Clarissa’s graduate work focused on characterizing the unique interface between nanometer-thick semiconductors and ultra-thin metal films using a ‘big-data’ electron microscopy technique called 4D-STEM. She has also co-authored studies in artificial photosynthesis, using solar cells to recycle valuable products from carbon dioxide.

Alongside her research, Clarissa served as a Marketing and Communications specialist for the Molecular Foundry, a Nanoscale Science Research Center at Lawrence Berkeley National Laboratory. In this role, she disseminated the Foundry’s high-impact research by writing press releases and communications for the Department of Energy, fellow scientists, and the general public. As an IEEE-USA Congressional Fellow, Clarissa is excited to tackle issues related to energy and the environment as well as education and equity.

Aditi Gupta

USAID FELLOW

Aditi Gupta is currently a postdoctoral research fellow at the Scientific Citizenship Initiative at Harvard Medical School. She focuses on institutional culture change, specifically exploring how curriculum programming, policymaking, and institutional networking can be used as levers of change to increase civic engagement in STEM researchers. She earned her Ph.D. in Medical Engineering at the Harvard-MIT program in Health Sciences & Technology, where she studied human-machine interaction with wearable technology.

Aditi is passionate about issues of social justice and equity. At MIT, she founded programs and developed strategies to improve the recruitment and retention of underrepresented students while also advocating for institutional policy change to improve equity and belonging. She also organized annual entrepreneurship workshops in Latin America and Asia to foster regional business ecosystems and democratize access to educational, funding, and networking opportunities for local students and entrepreneurs.

Aditi grew up in Los Angeles and completed her BS in Bioengineering at UC San Diego, where she developed a life-long love for beaches, mountains, and tacos. She likes to spend time with friends and family, hike, travel to learn about new cultures and photograph landscapes, read novels and nonfiction, and dance. She has performed on stage with the Boston Bollywood dance company and enjoys learning different dance styles.

Shayak Sengupta

STATE DEPARTMENT FELLOW

Shayak Sengupta is currently completing a Ph.D. in the Department of Engineering and Public Policy at Carnegie Mellon University (CMU) and a Visiting Associate at the Centre for Social and Economic Progress in New Delhi. His research sits at the intersection of air quality, climate change, and energy systems. His previous experience has included modeling urban air pollution in Pittsburgh and understanding the climate impacts of Indian power generation under current and future policies. Shayak’s international research interests began when he served as Fulbright-Nehru research scholar at the Indian Institute of Technology, Kanpur. Spending a year studying pollution from Indian power plants, he developed a greater understanding of global energy and development challenges.

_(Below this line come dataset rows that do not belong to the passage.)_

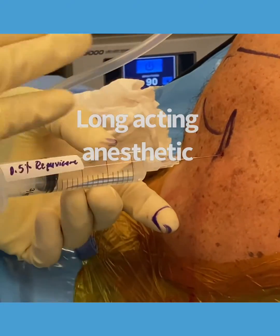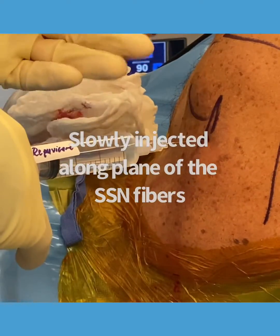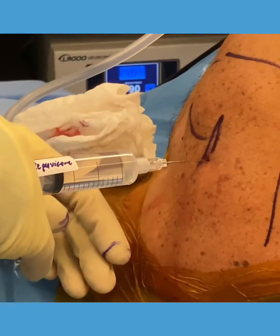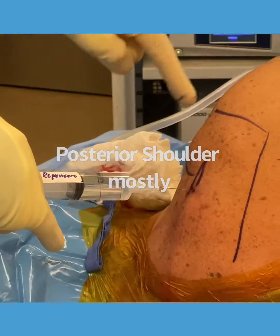The 2% lidocaine is tracking under the muscle belly, along the bone. And that's where the suprascapular nerve travels under the spinal glenoid notch. You get a nice local block in this area.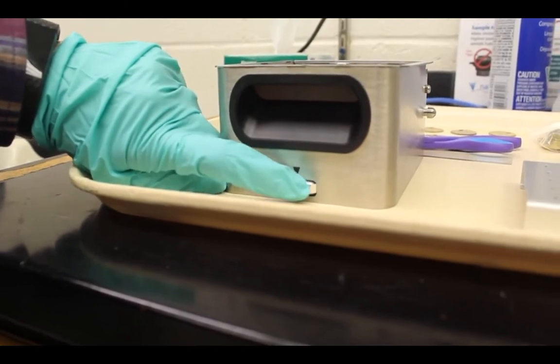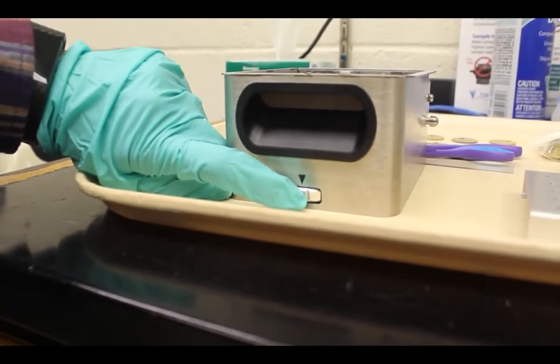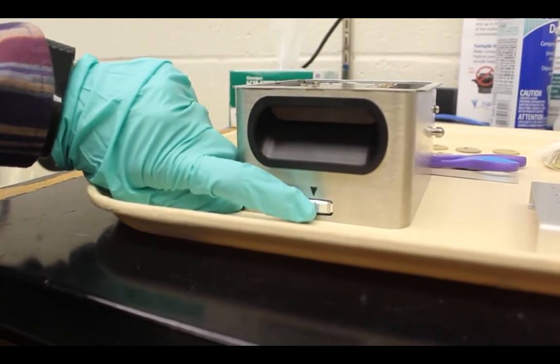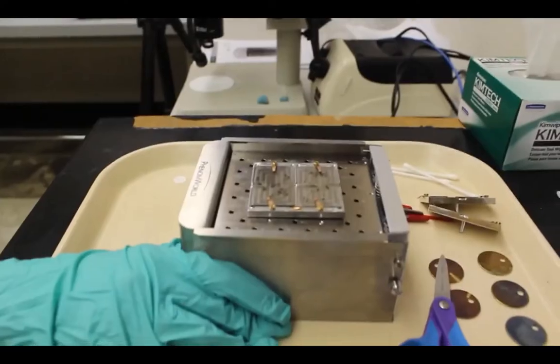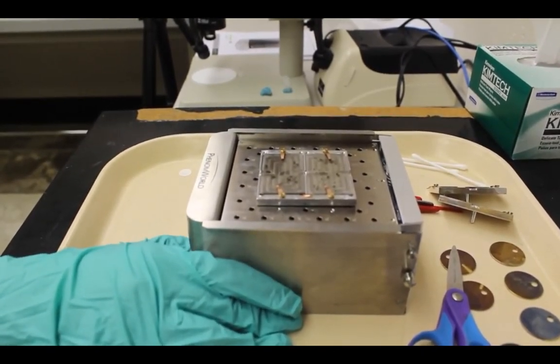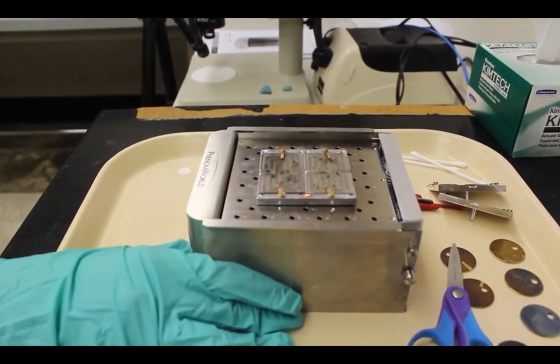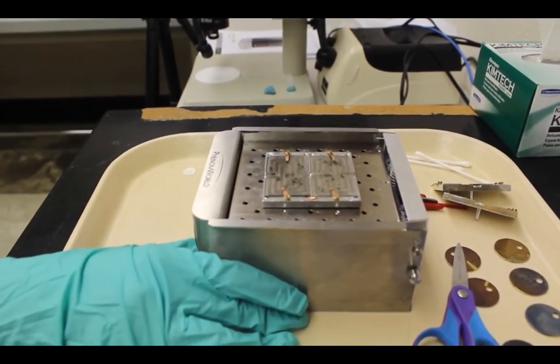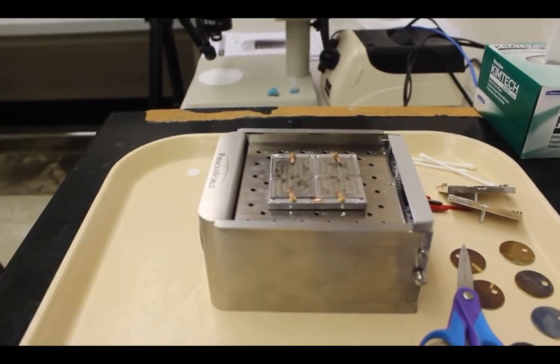It's necessary to move the sample so that its top surface is below the top surface of the sample holder. We're going to first move the sample so that it is level with the top surface like this, and then using the dial on the side of the sample holder, we move it down by six units so that the surface is an appropriate distance below the sample holder.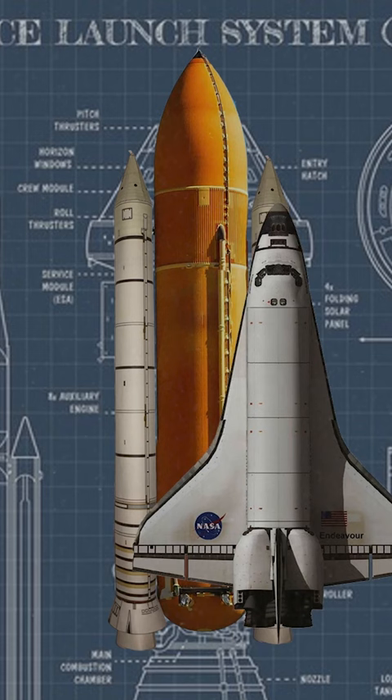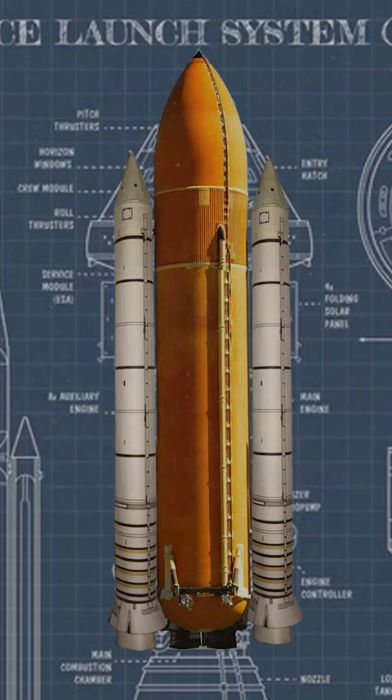How to make a Space Launch System. Start with a Space Transportation System. Remove the orbiter. Detach the engines and apply them to the bottom of the external fuel tank. Throw in one more engine just for good measure.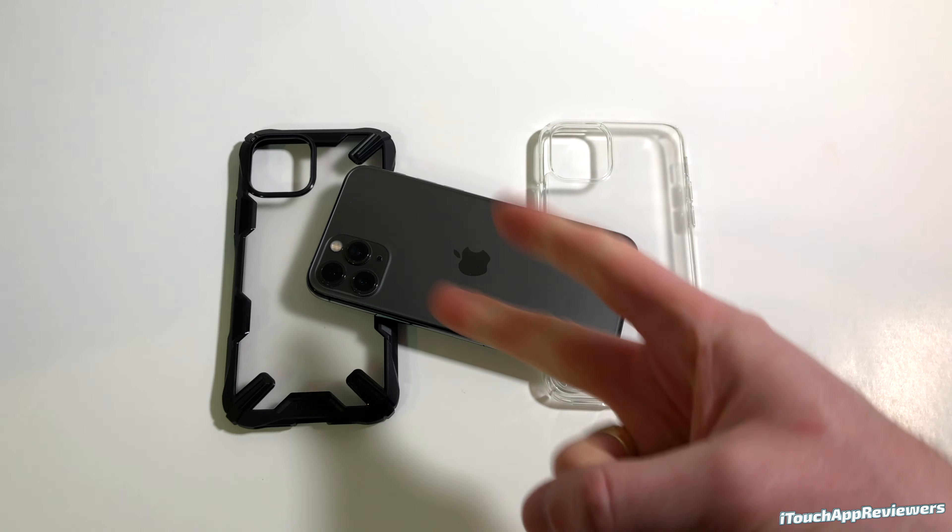This case is definitely one you want to go for if you want to keep the same design aesthetic of your current iPhone 11 Pro but want some protection added on. It's easily one of my favorites of all the cases I've reviewed for the 11 Pro this year, just because it keeps that same look while giving you a lot of extra protection. Links will be down below in the description. If you liked it, hit it with a big thumbs up and subscribe, and I will see you guys in the next one. Peace.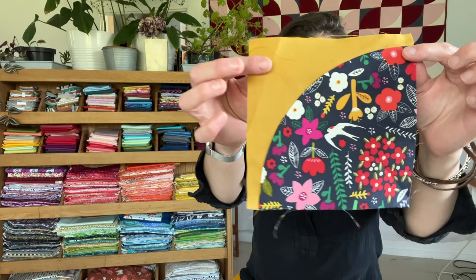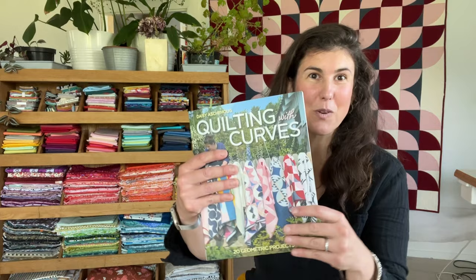I'm Daisy Askehaug and this is a quarter circle square. Years ago I fell in love with this particular shape and all the possibilities that come with making them. I think there's a little bit of magic in these shapes because based on where you place color and how you orient the block there are endless design opportunities. That's the basis for my book Quilting with Curves.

After beginning graduate school, Shayak returned to India to undertake part of his dissertation research on the Indian power sector. His work has been supported by U.S. EPA-funded Center for Air, Climate, and Energy Solutions at CMU, a National Science Graduate Research Fellowship, American Meteorological Society Graduate Fellowship, and a Boren Fellowship from the National Security Education Program. He looks forward to translating his engineering and policy background to the foreign policy objectives of the U.S. Department of State.